On 150 acres of broken terrain with ~30 percent mean slope, we plan on about 8 to 10 total flight hours across two days with two aircraft, with total staging and crew hours closer to 24 to 28.

Day 13 — As-Applied Report and Handoff

Before we leave the site, the pilot exports the coverage log and builds an as-applied report: actual flight paths overlaid on the site polygon, actual flow-rate data from the spreader, and a summary of total seed applied and average rate per acre. That report is emailed to the landowner, the reclamation contractor, and — on BAER or NRCS work — the agency specifier.

On most Colorado jobs, this document replaces the “best-effort summary” that helicopter contractors used to provide and satisfies the record-keeping requirements in modern reclamation plans directly.

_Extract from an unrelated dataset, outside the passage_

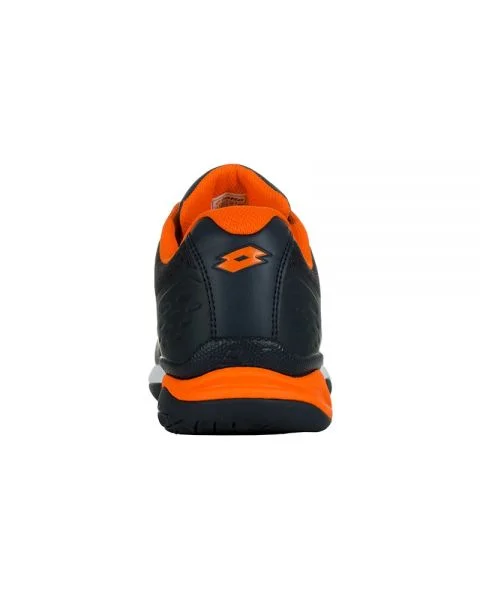 streetpadel-4635849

The Colorado Context: Why This Matters Here, Specifically

Colorado has been averaging roughly a million acres burned every five years for the last decade, with the post-2020 era running well above that average. Northwest Colorado — Moffat, Routt, Rio Blanco, and Garfield counties — has seen a pattern of mixed-severity fires on the sagebrush-juniper-grassland transition zones that is nearly custom-fit for drone seeding:

Every one of those factors plays to the drone’s strengths: mobilization speed, zero ground impact, terrain-following on variable slopes, and the flexibility to work early mornings without a large crew commitment.

The Colorado State University Extension publishes useful reference materials on post-fire recovery for landowners, and the Colorado State Forest Service runs a post-fire recovery program that often connects private landowners with cost-share resources. On BLM ground, the Emergency Stabilization and Rehabilitation (ES&R) program parallels the Forest Service’s BAER process.

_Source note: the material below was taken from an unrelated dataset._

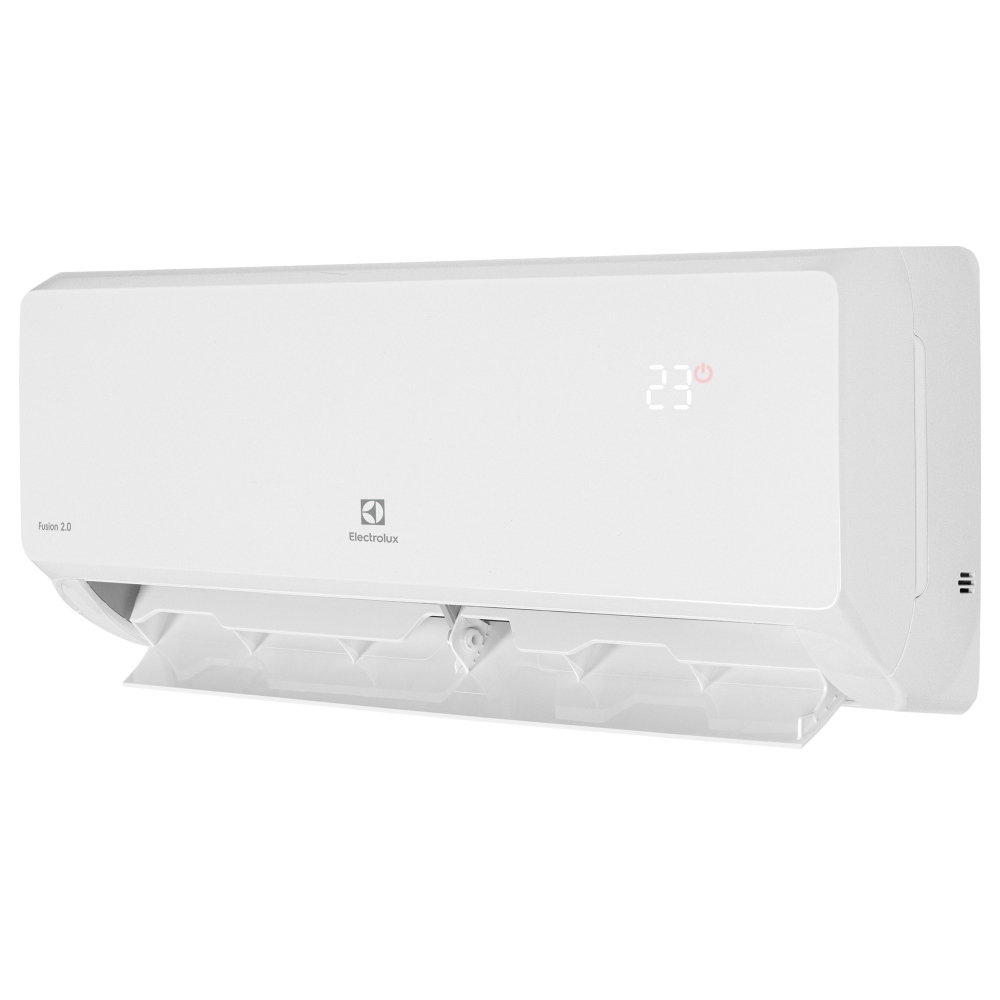 Electrolux R32 Super Match ERP R32 EACS/I-07+07 НMB FMI-14-2/N8 Инверторная мультисплит-система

What Drone Seeding Doesn’t Solve After a Fire

Being honest about limits is especially important in post-fire work, because the consequences of overselling a single treatment are long-lasting. Here is what drone seeding doesn’t do:

It does not replace mechanical stabilization on the steepest and highest-risk slopes. Very steep, severely burned slopes often need straw wattles, contour felling, or mulch in addition to seed. Drones can supplement these treatments but do not replace them.

It does not guarantee establishment. Broadcast seeding of any kind — drone, helicopter, or ground — depends on post-application weather for germination and survival. A well-executed drone seeding followed by a dry autumn will produce a worse stand than a mediocre drilling followed by a wet autumn. This is the nature of broadcast work; we factor it into application rates, but we cannot make it go away.

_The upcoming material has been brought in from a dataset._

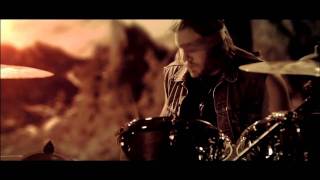 HUNTRESS - Eight of Swords | Napalm Records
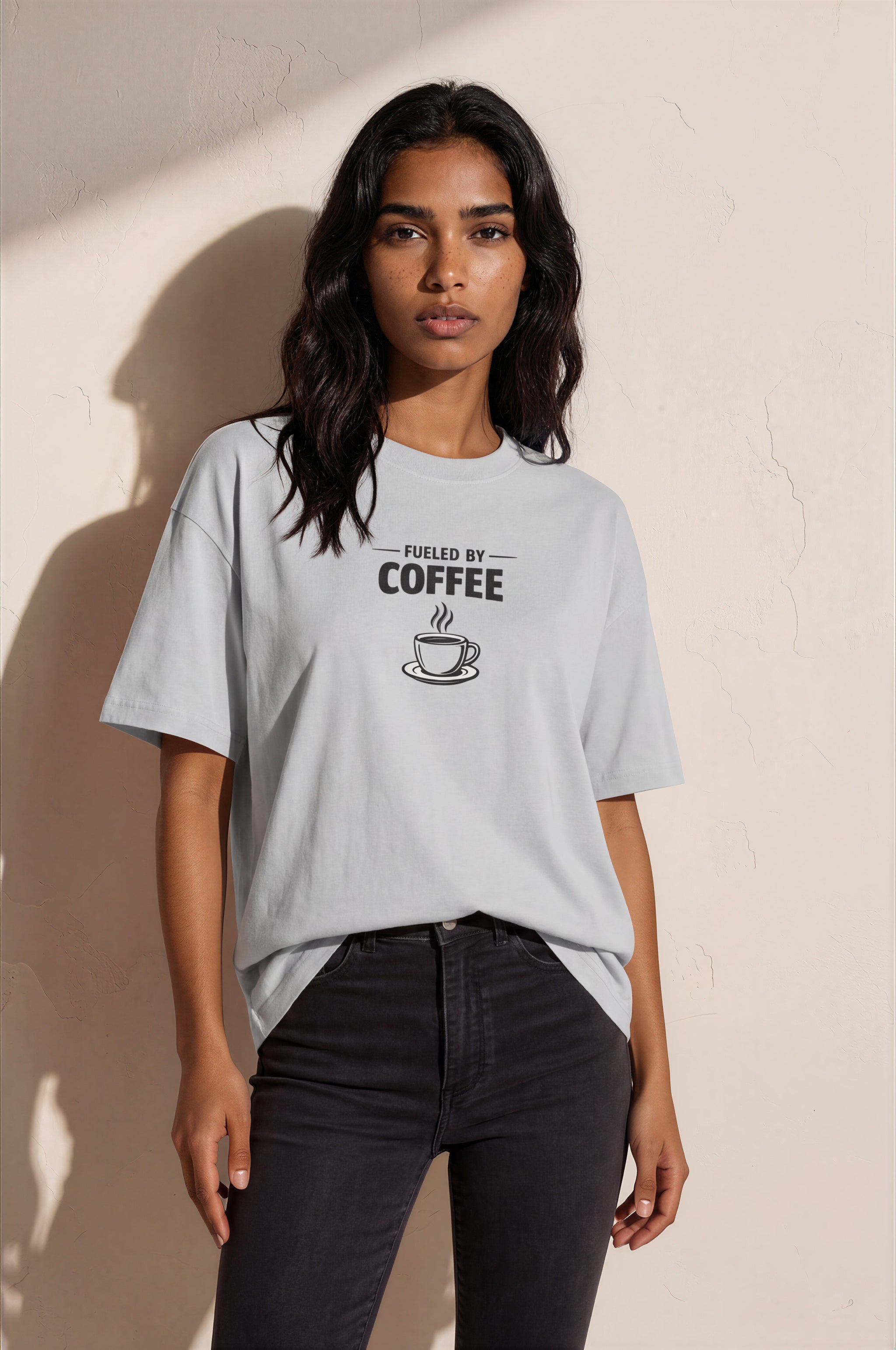 Legend coffee | Coffee Club Collection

It does not address invasive species on its own. Cheatgrass and other post-fire invasives colonize bare ground very quickly. A strong native seeding is the single best defense, but on sites with known cheatgrass pressure, an integrated treatment plan may include pre-emergence herbicide application, follow-up monitoring, and potentially re-seeding in subsequent years.

It does not eliminate the need for a reclamation plan. The flight is the most visible part of the job, but the seed mix, application rate, follow-up monitoring, and success criteria live in the reclamation plan. On BAER and ES&R work, that plan is written by the agency. On private work, it should be written by a qualified reclamation contractor. Do not skip this step to save money — the cost of a bad plan eclipses the cost of a good one many times over.

What to Do If You Have a Burn to Reclaim

If you are reading this in the immediate aftermath of a fire, the practical next steps, in order, are:

  1. Contact your county emergency manager and the NRCS as soon as the fire is called controlled, to find out what cost-share and technical-assistance resources are available. In Colorado, the CSFS post-fire program is the right first call for most private landowners.
  2. Get a site assessment from a qualified reclamation contractor or extension agent. The goal is a written reclamation plan that specifies seed mix, rate, timing, and any mechanical stabilization needed.
  3. Secure seed early. Lead times on certified native seed can run 2 to 6 weeks in a busy fire year. Ordering seed before the application contractor is scoped is often the right sequence.
  4. Quote the application. For jobs under 500 acres, get a drone quote and a helicopter quote on the same scope. For jobs over 500 acres, especially with tight timing, the helicopter is often primary with drones filling the access-limited subunits.
  5. Document everything. As-applied reports, photos of pre- and post-application conditions, and first-year monitoring data make the difference between a successful reclamation and a disputed one.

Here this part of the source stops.